Автор констатирует кризис философии: для нее наступает роковой момент: все объекты исследования, которые некогда ей принадлежали, отходят к науке. Но наука не может быть мировоззрением: научное объяснение явлений жизни ведет неминуемо к исчезновению самой жизни… «Душа, иссушенная знанием, – говорит Белый, – глубоко тоскует о потерянном рае – о детской легкости, о порхающем мышлении».

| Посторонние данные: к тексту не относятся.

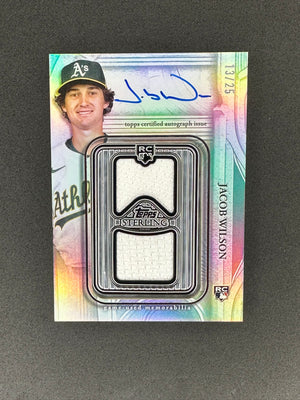 2025 Topps Sterling Jacob Wilson SDBA-JWI RPA #/25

В статье «Апокалипсис в русской поэзии» автор пытается бесплодию философии и раздробленности науки противопоставить целостное символическое миропонимание. Оно вырастает из мистического опыта, пережитого в Шахматове, и вдохновлено личностью и поэзией Блока. Цель поэзии – найти лик музы, выражающий единство вселенской истины. Цель религии – воплотить это единство. В плане религиозном образ музы превращается в лик Жены, облеченной в Солнце. Соловьев предчувствовал Ее пришествие; Лермонтов видел Ее под «таинственной полумаской», в поэзии Блока Она уже приближается к нам. С волнением и радостью Белый восклицает: «Она уже среди нас, с нами, воплощенная, живая, близкая, – эта, узнанная, наконец, Муза Русской Поэзии – оказавшаяся Солнцем». Статья заканчивается страстным молитвенным призывом:
«Мы верим, что Ты откроешься нам, что впереди не будет октябрьских туманов и февральских желтых оттепелей… Пусть думают, что Ты еще спишь в гробе ледяном… Нет, Ты воскресла… Ты сама обещала явиться в розовом, и душа молитвенно склоняется перед Тобой и в зорях – пунцовых лампадках – подслушивает воздыхание Твое молитвенное.

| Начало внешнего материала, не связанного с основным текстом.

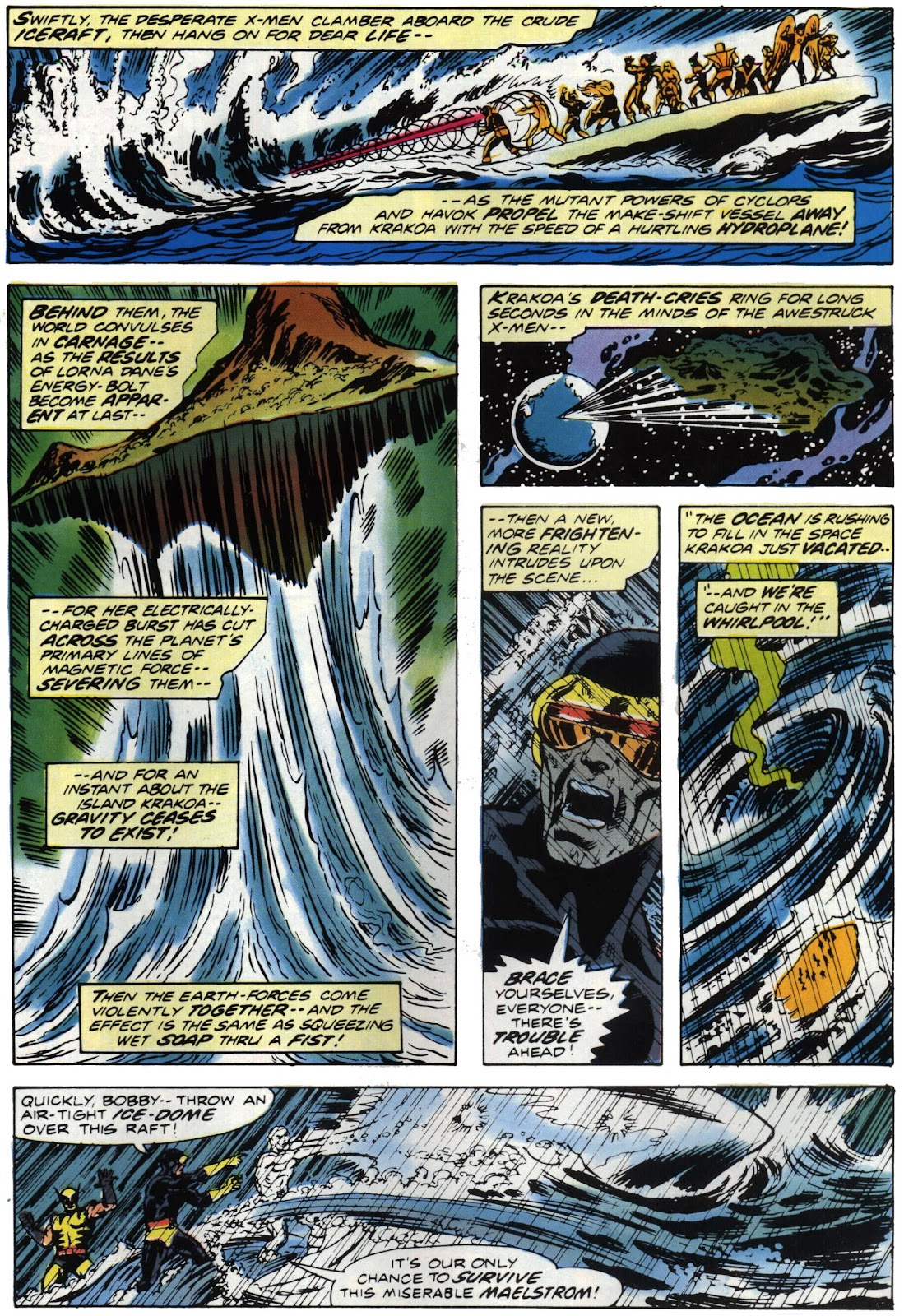 Giant-Size X-Men (1975) issue 1 - Page 36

Явись! Пора: мир созрел, как золотой, налившийся сладостью плод. Мир тоскует без Тебя. Явись!»
Такой пламенной верой еще никогда не звучал голос Белого. Прикрываясь видимостью литературной критики, разбирая поэзию Пушкина, Тютчева, Брюсова, Вячеслава Иванова, он славословит свою любовь. Статья Белого светится отраженным светом, – источник его в Шахматове. По ней можно судить, каким солнцем в то время сиял для него Блок, для которого «Она» стала «воплощенной, живой, близкой» – невестой, женой… Так лично и так интимно обращение Белого к «Ней», что кажется: он видит Ее реально, золотокудрую, в розовом платье среди спелых колосьев…

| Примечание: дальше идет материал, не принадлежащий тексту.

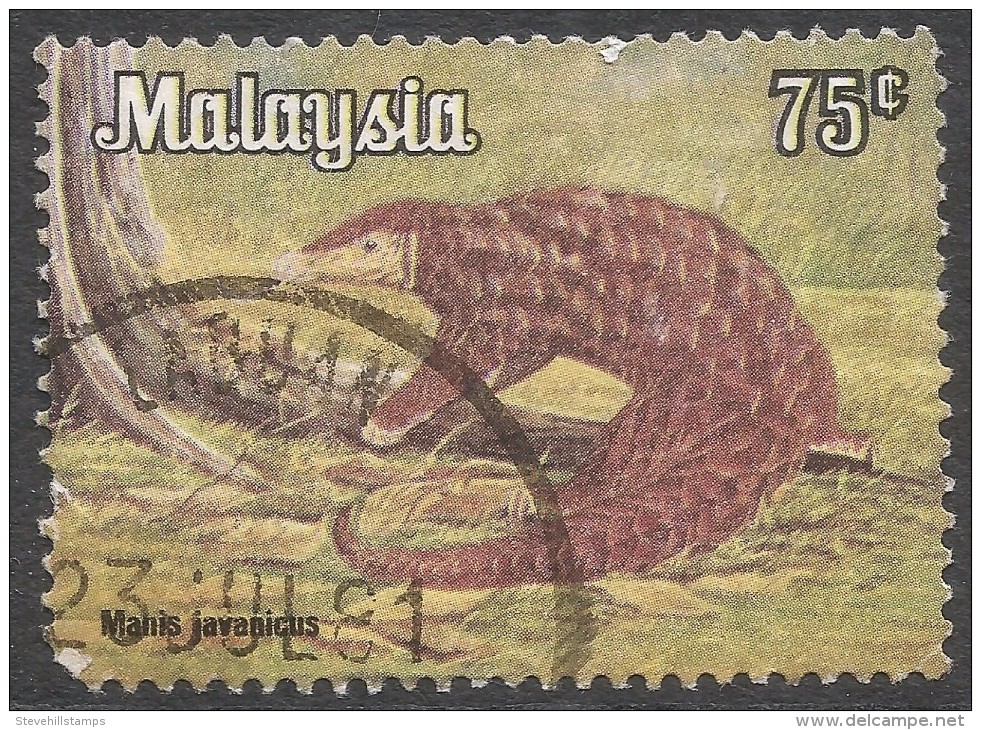 Malaysia. 1979 Animals. 75c Used. SG 193 - Malaysia (1964-...)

Статьи Белого, написанные в 1904 году, полны пророческого вдохновения, радостной веры в наступление новой эры. Но жизнь его была не радостна: проповедник вселенского братства чувствовал себя одиноким: его угнетала путаница идей, кружков, людей, водоворот часов и дней. Поднималась муть, силы истощались в спорах и манифестах. «Из отдаления, – пишет он в «Начале века», – 1904 год мне видится очень мрачным. Он мне стоит, как антитеза 1901 года; я неспроста охарактеризовал 1901–1902 года годами „зари“. Я чувствовал под собою почву. С 1904 года до самого конца 1908 года я чувствовал, что почва из-под ног исчезает». Поэтому в мистическом credo Белого этого времени следует видеть не выражение его духовного состояния, а попытку заклинания хаоса. Когда он патетически восклицает о «мудрости» символистов и называет их «центральной станцией, откуда начинаются новые пути», он действует как теург, преображающий действительность религиозной волей. «Мы – декаденты», – заявляет он, потому что отделились от мертвой цивилизации. Что бы то ни было, мы идем к нашей радости, к нашему счастью, к нашей любви, твердо веря, что любовь «зла не мыслит» и «все покрывает»[13].
Фраза «что бы то ни было» – очень показательна.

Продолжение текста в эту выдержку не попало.